Possible( s) Quartet Gymnostrophy
Inouïe Distribution
Rémi Gaudillat et Fred Roudet trompettes
Loïc Bachevillier trombone
Laurent Vichard clarinette basse
On retrouve avec plaisir le Possible(s) Quartet actif depuis 2012 dans un tout nouveau projet sur le label IMR toujours intéressant à suivre. C’est le même curieux équipage, un « quatuor à cordes à vent » selon le trompettiste Rémi Gaudillat à l’origine de cette formation de la région lyonnaise, une fanfare poétique et cuivrée, proche de la Marmite Infernale de l’Arfi, chaudron magique de tout ce folklore imaginaire depuis plus de quarante ans. Composé de deux trompettes, d’un trombone et d’une clarinette basse, cette association originale plutôt inédite résulte en un quartet de souffleurs, un jazz de chambre à l’alambic parfois chauffé à blanc dans certains projets comme leur Orchestique qui favorisait la danse et le rythme. Et ça danse encore aujourd’hui dans la ronde des évocations de Monk et Satie, deux musiciens unis dans une excentricité commune, un mélange de douce folie (composition “bipolaire” de Rémy Gaudillat) et d’anticonformisme... Ça danse encore mais de travers avec parfois le sautillement monkien dans ce Gymnostrophy. Les quatre se partagent des arrangements fort réussis qu’ils font dériver tout en conservant l’esprit initial. Douze petites pièces jamais faciles mais fluides qui s’insinuent vite dans le corps et restent dans l’oreille. Les timbres s’ajustent, jouent et se combinent à merveille dans des interactions parfaitement au point dans cet hommage au couple insolite : les recompositions élégantes étagent les timbres, les réunissent en tutti vibrants. Ils s’emparent de titres connus avec brio, quatre de Monk : un enjoué I mean you démarre le programme, Ugly Beauty en marche lente le clôt et Misterioso est revisité de façon espiègle. Dans deux pièces de Satie Gnossienne I , Danse de Travers II, la polyphonie laisse chaque voix s’épanouir sans rompre l’harmonie chambriste dans ce maillage serré qui ouvre des espaces de liberté comme dans Spherik - ils sont tout de même issus de la Compagnie des Improfreesateurs. Leur écriture contrapuntique a une virtuosité formelle sans saxophone et sans le soutien de la section rythmique habituelle contrebasse-batterie. Il revient en particulier à la clarinette basse et au trombone de prendre à tour de rôle la fonction rythmique dans cet exercice de style, sans filet harmonique qui demande un effort constant et du souffle, ce dont nos compères ne manquent pas.
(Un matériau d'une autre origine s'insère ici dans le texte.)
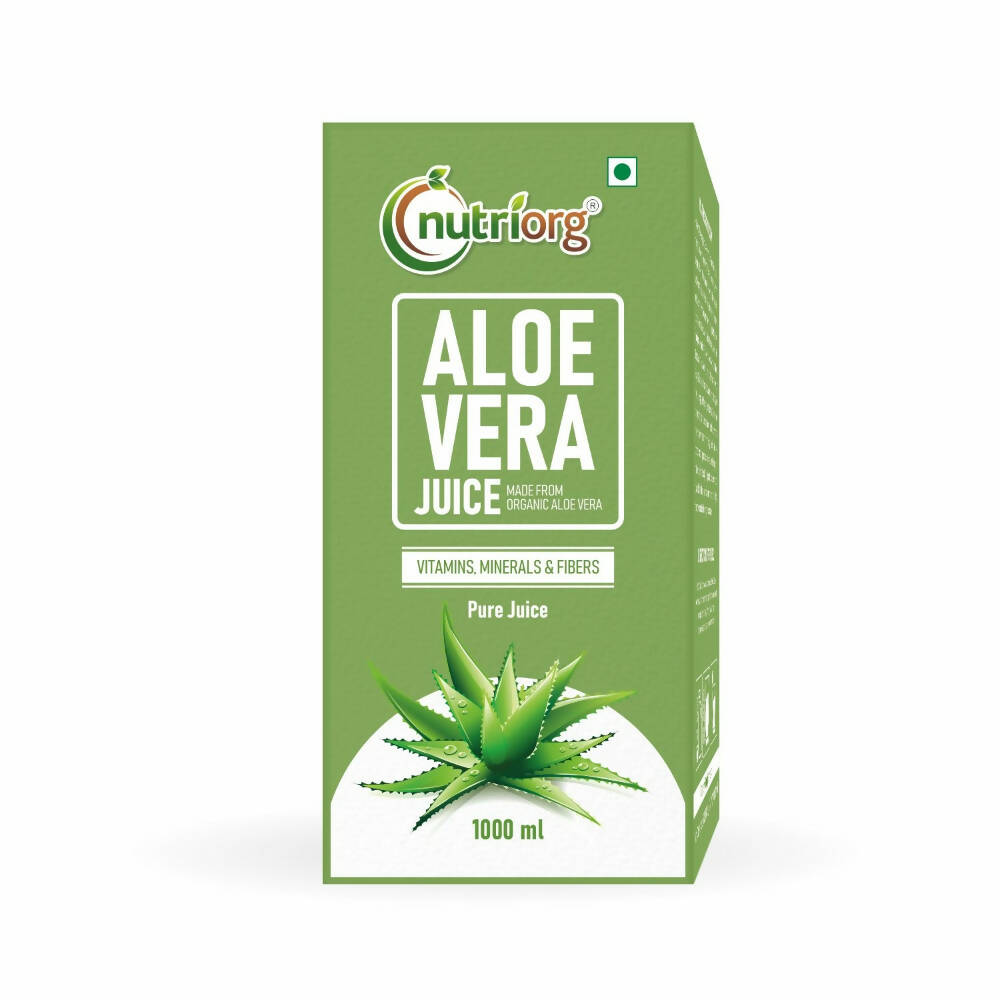 Nutriorg Aloe Vera Juice - BUDNE
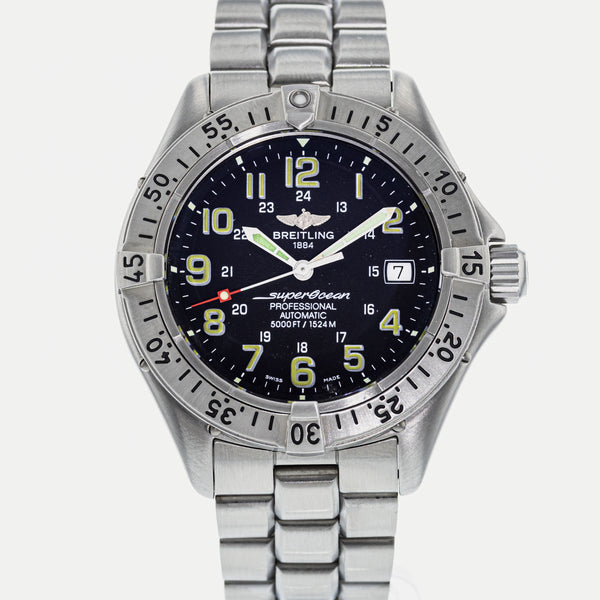 Breitling superocean 2025 professional a17345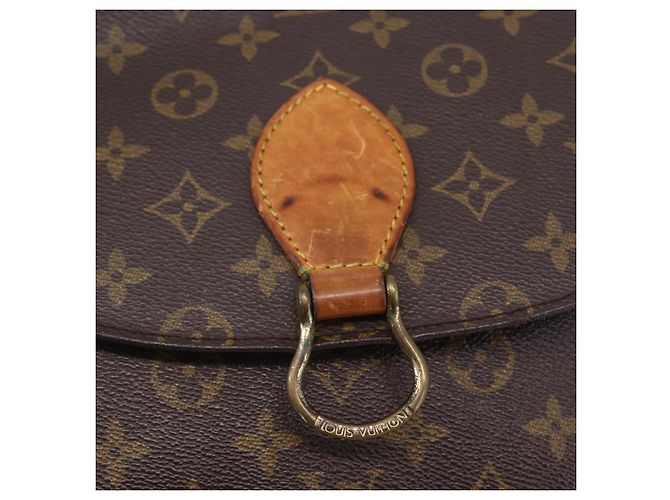 LOUIS VUITTON Borsa a Spalla Monogram Saint Cloud GM M51242 LV Auth BA8287 Monogramma - vista 18
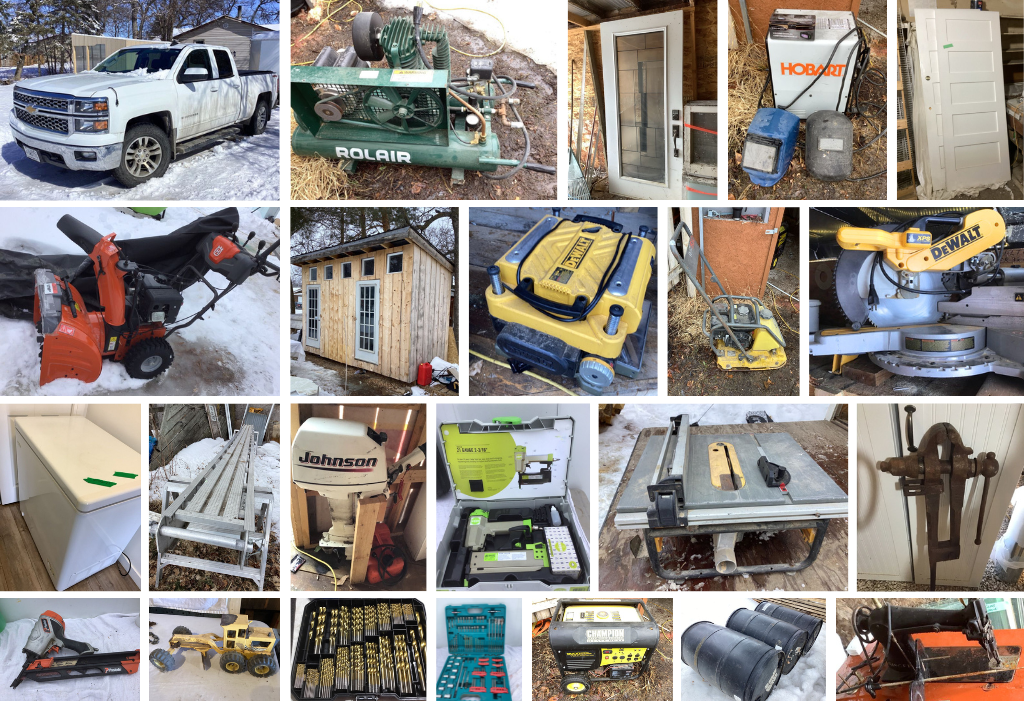 Issac Contractor Isaac Olson Contractor Dispersal Online Auction - Garton's Auction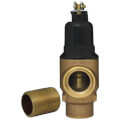 Product Image of 3/4" MIP Commercial Grade Pressure Relief Valve & Close Nipple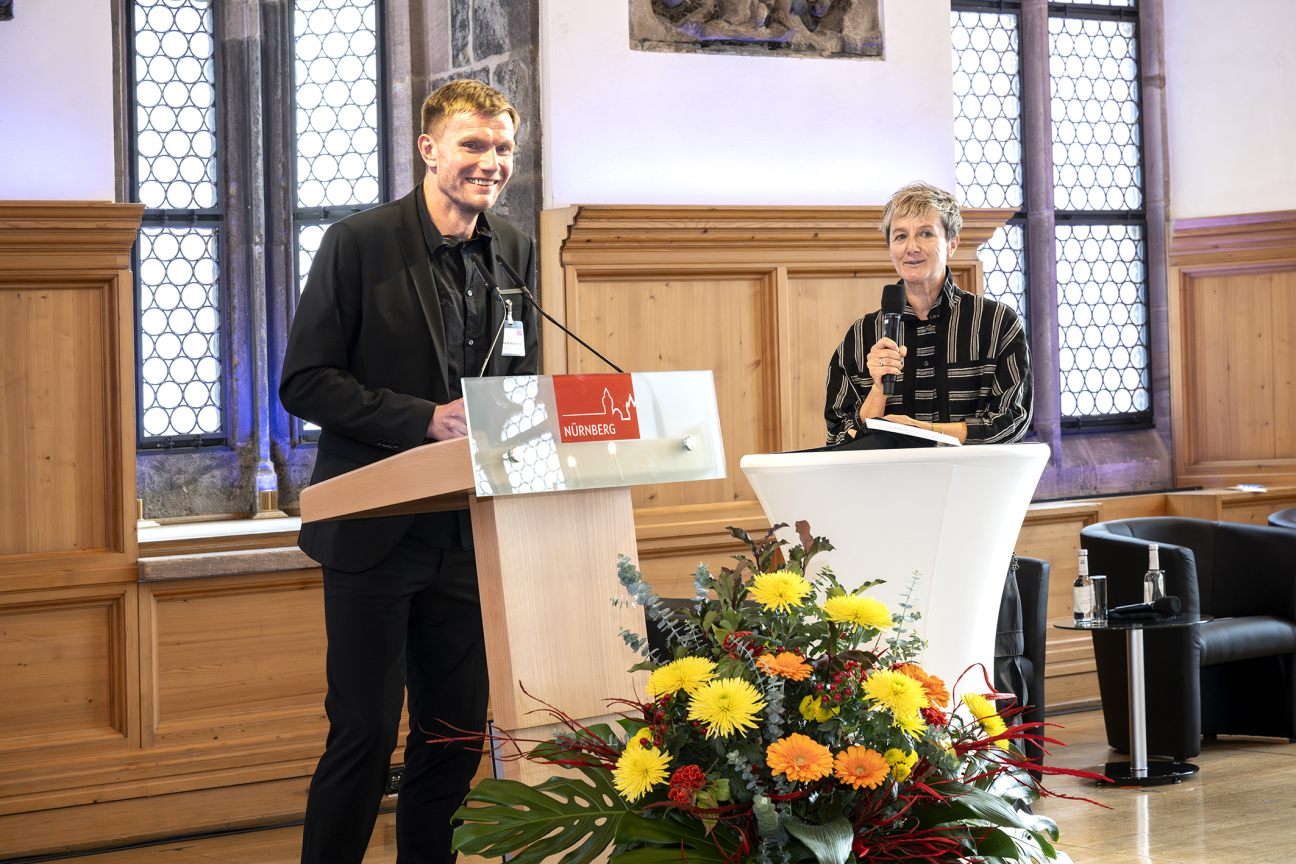 16. Bildungskonferenz der Stadt Nürnberg, Bild © RUDI OTT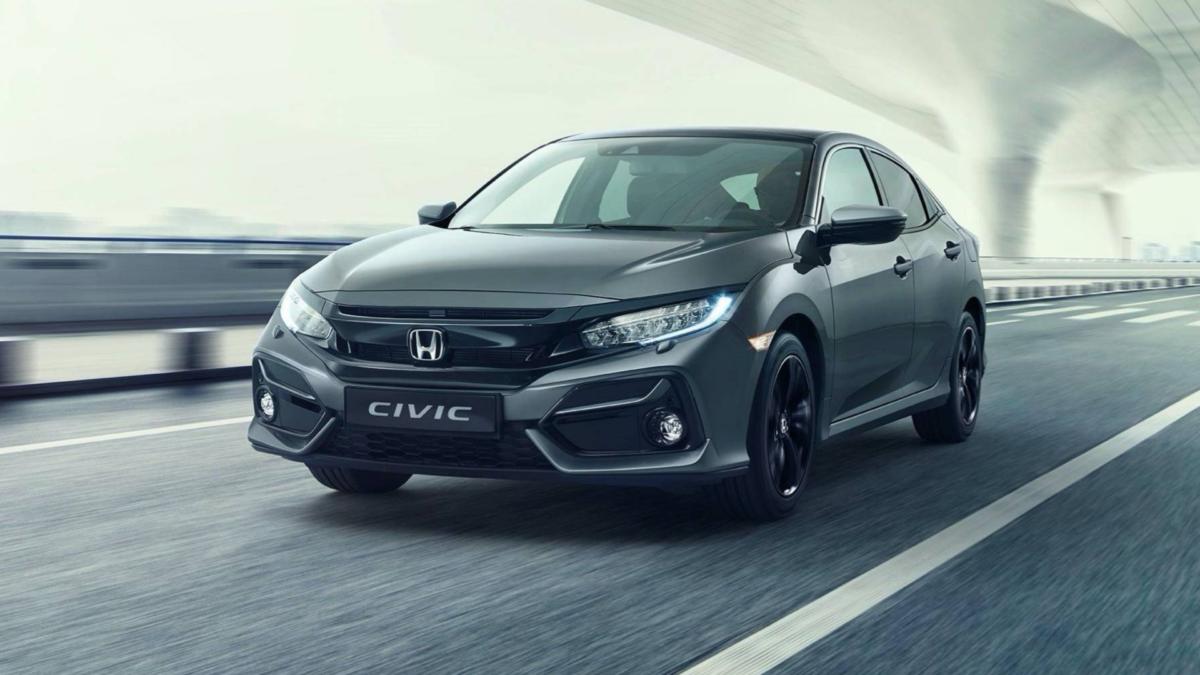 Ελαφρύ φρεσκάρισμα για το Honda Civic [pic]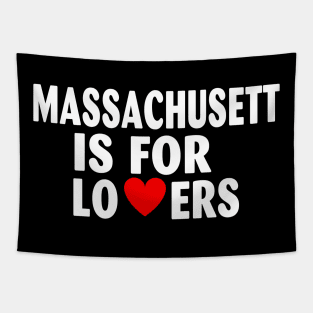 Massachusett State Massachusett Home Massachusett Lovers Tapestry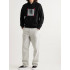 Hoodie for men YAPPI black with fleece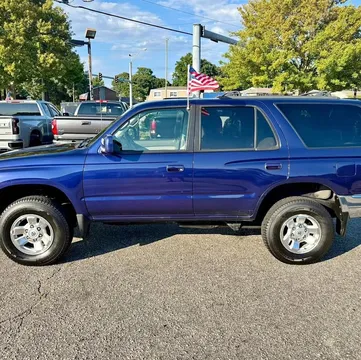 2002 Toyota 4Runner SR5 4WD
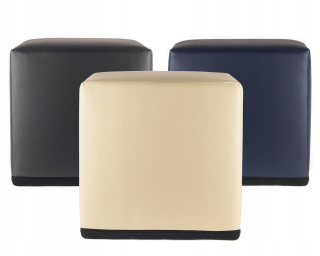 Sedací vak do detskej izby - Pouf Pouf Square Eco-Lens 40x40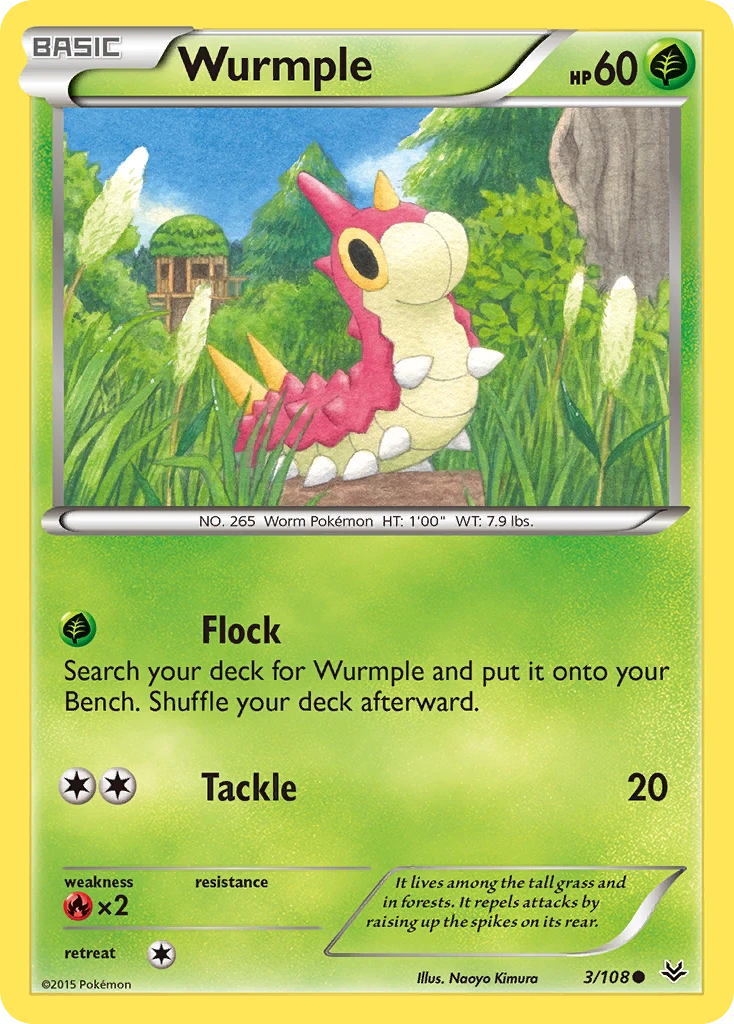 Wurmple, 003/108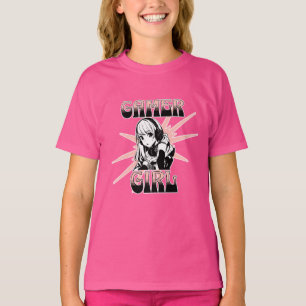 Camiseta Gamer Girl Jogos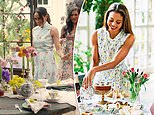 So where DID you get your ideas from Meghan? The scenes in Duchess' new cookery show that feel very familiar - from Marchioness of Bath to Ladybug Bruschetta and even Kate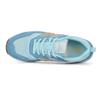 NEW BALANCE Elite Lite S1 PL HRO FO SC SR Ladies Safety Trainers, Milky Blue/Orangre, Size 36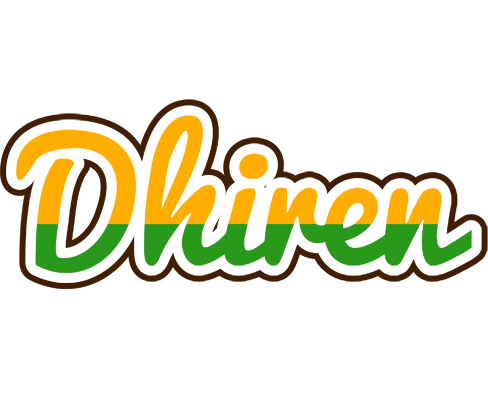 Dhiren banana logo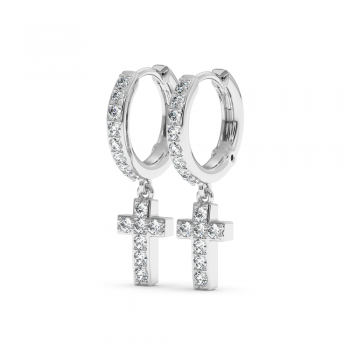 1.10 ct Diamond Earrings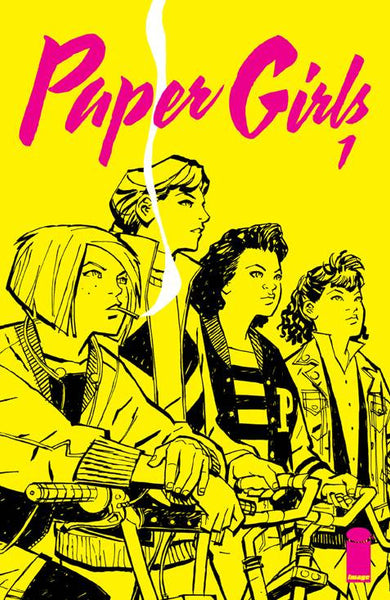 Paper Girls (2015) #1 First Print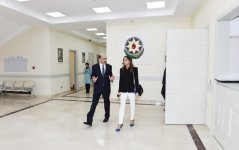 Birinci vitse-prezident Mehriban Əliyeva Rostropoviçlər adına Musiqi Məktəbinin yeni binasının açılışında iştirak edib (FOTO)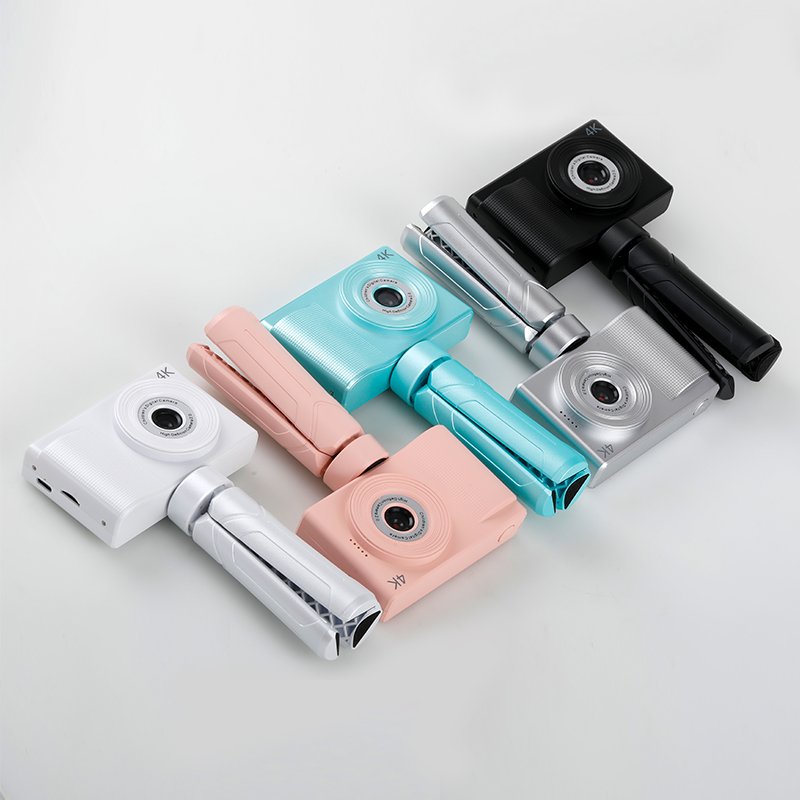 Icar 2.4 inch Rechargeable Mini Compact Pocket Camera Portable 16X Digital zoom Small Camera for Teens Students
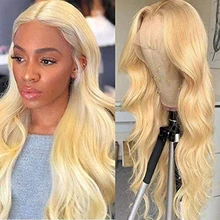 

613 Body Wave Wig Human Hair 13x6 Transparent Lace Front Human Hair Wigs For Women Remy Multicolor Frontal Wig Pre Plucked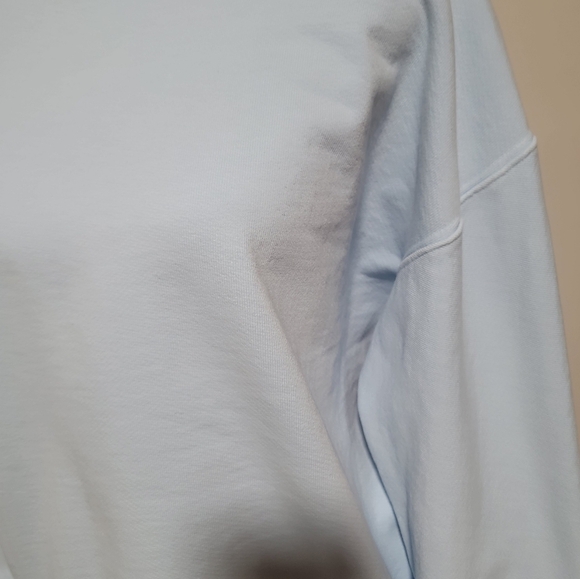 Proenza Schouler White Label Tie-Back Sweatshirt Size M - Picture 12 of 14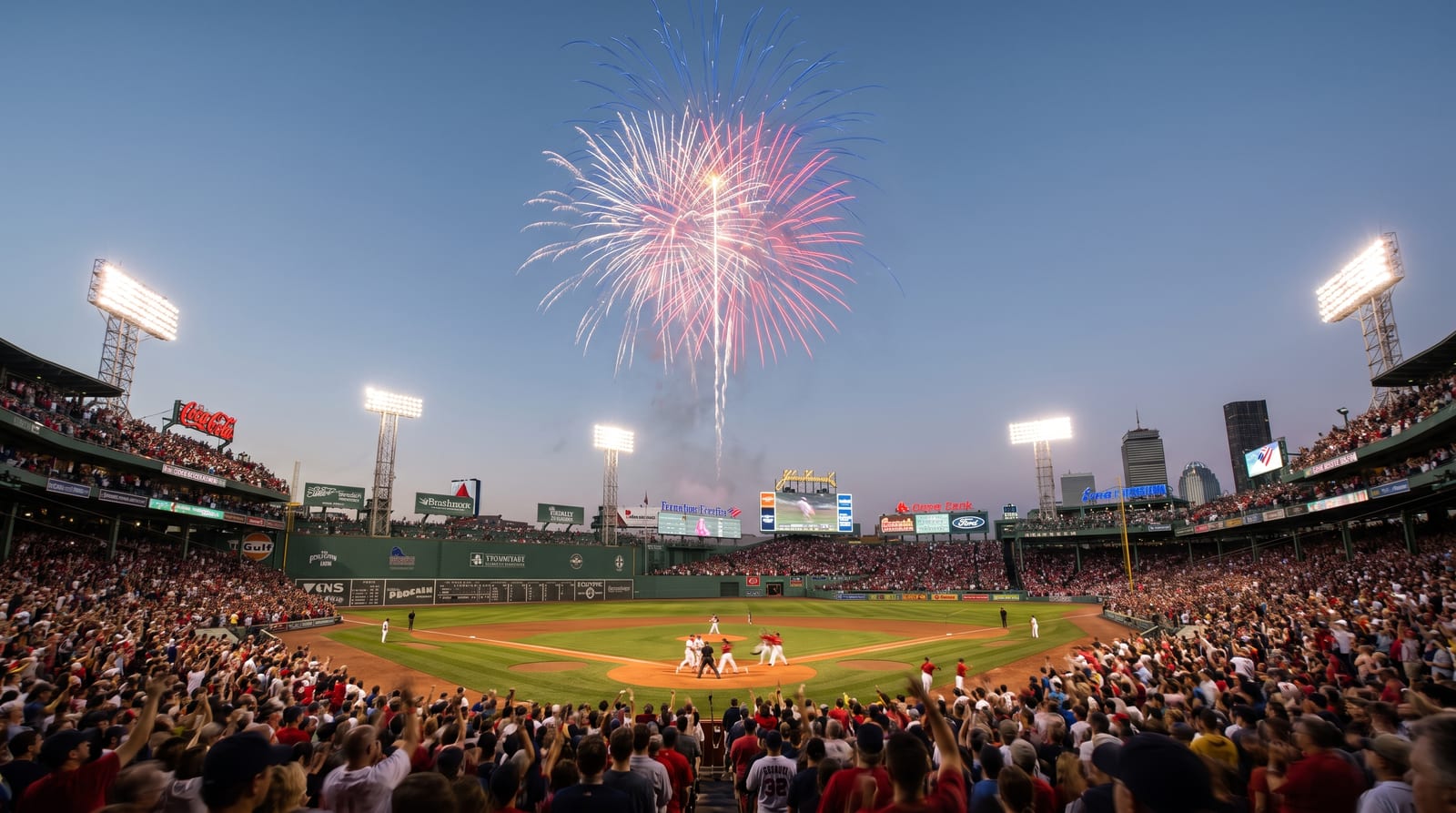 Red Sox Rout Diamondbacks 11-1 at Fenway Behind Balanced Offense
Question originaux, le clarinettiste Laurent Vichard apporte quatre pièces de sa composition, les mélodies hypnotiques, feutrées de “ses” gnomiennes, la complainte mélancolique du présent du passé. Son arrangement du bien nommé Gnossienne de Minuit combinant finement les deux mélodies de Monk et Satie fonctionne parfaitement. Il fallait y penser...
Dire qu’ils ont continué à ouvrir le champ des possibles (leur premier CD) est une évidence, un titre qu’ils auraient pu reprendre d’ailleurs! On n’est jamais déçu avec ce quartet plein d’une fantaisie triste qui nous entraîne dans une rêverie poétique.